Para Carla, que trabalha com palestras motivacionais, manter o otimismo é importante quando o ritmo de vendas piora. Ela defende, por exemplo, que as metas das lojas sejam mantidas, mesmo que isso signifique maior pressão sobre a equipe:


- O empresário tem que acreditar na retomada e crer que é possível fazer a roda da economia girar. Imagina se faço uma reunião com meus colaboradores e digo: "vamos baixar a meta porque o Brasil está em crise". Todo mundo vai se acomodar.


A especialista dá algumas dicas para aliviar a tensão na hora de bater metas. Vale desde pensar em brindes para equipe até ações mais simples, como melhorar o relacionamento entre a chefia e a equipe, conversar mais. Carla conta que já visitou um pequeno supermercado em que os funcionários se dispuseram a fazer um mutirão para reformar a loja quando foram informados da possibilidade de demissões. Resultado: o dono do estabelecimento desistiu de fazer os cortes.
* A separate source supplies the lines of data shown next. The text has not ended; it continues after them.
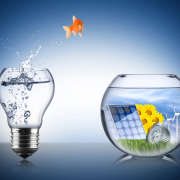 goldfish jumping from a lightbulb fishbowl to a round fishbowl for business turnaround stratgy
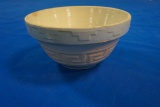 Stoneware Mixing Bowl, Greek Key design/blue, J.H. Bast & Son, Ramona, S.D.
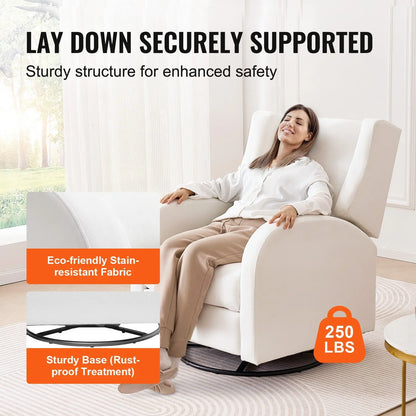 VEVOR Electronic Power Recliner and Swivel Glider, 250 lbs Weight Capacity Swivel Glider Recliner Chair with USB Port, Polyester Surface Swivel Rocker Recliner  for Living Room, Bedroom,  Off White - View 11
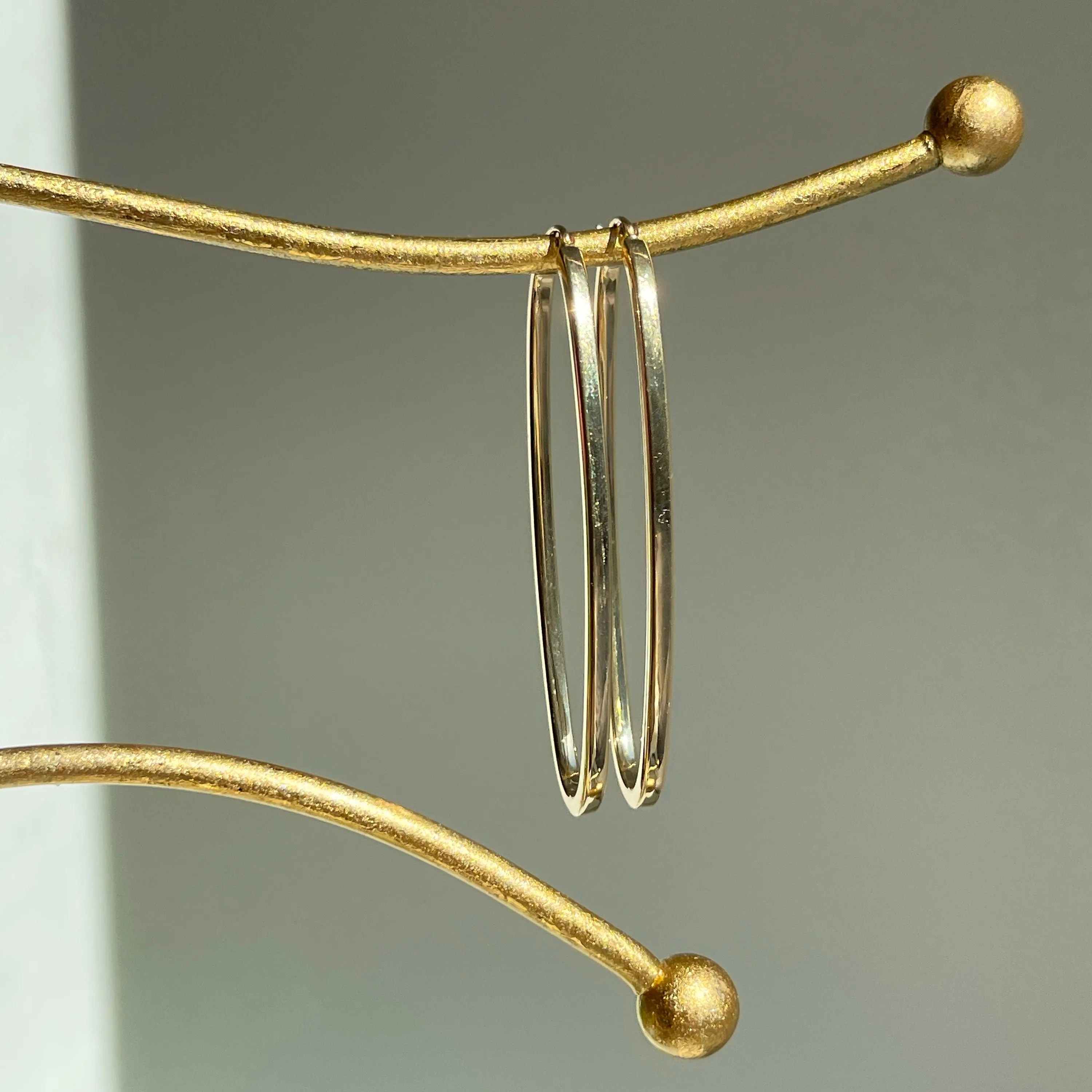 14KT Yellow Gold Oval Hoop Earrings 53mm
- Costumo falar que é preciso ter a mente aberta, espinha ereta e coração tranquilo. Ou seja, ficar atento à oportunidade, cuidar da saúde e ter calma, respirar fundo - orienta.


OSCILAÇÃO DO MERCADO


Se a pressão e o temor pelo desemprego aumentam o estresse no varejo, especialistas destacam que a crise tem hora para acabar, já que a economia anda em ciclos. O economista Raone Costa, da Catho Fipe, destaca que a alta do desemprego tem um efeito colateral bom: aliviar as contas do empregador:


- É importante notar que esse ciclo não vai até o fim. Enquanto o mercado de trabalho fica pior para o trabalhador, fica melhor para o empregador. Isso chega a tal ponto que a situação ficará tão boa para o empregador que ele consegue empregar muitas pessoas. O mercado de trabalho funciona como um pêndulo. As crises servem para isso. O problema é que a gente está no meio de movimento.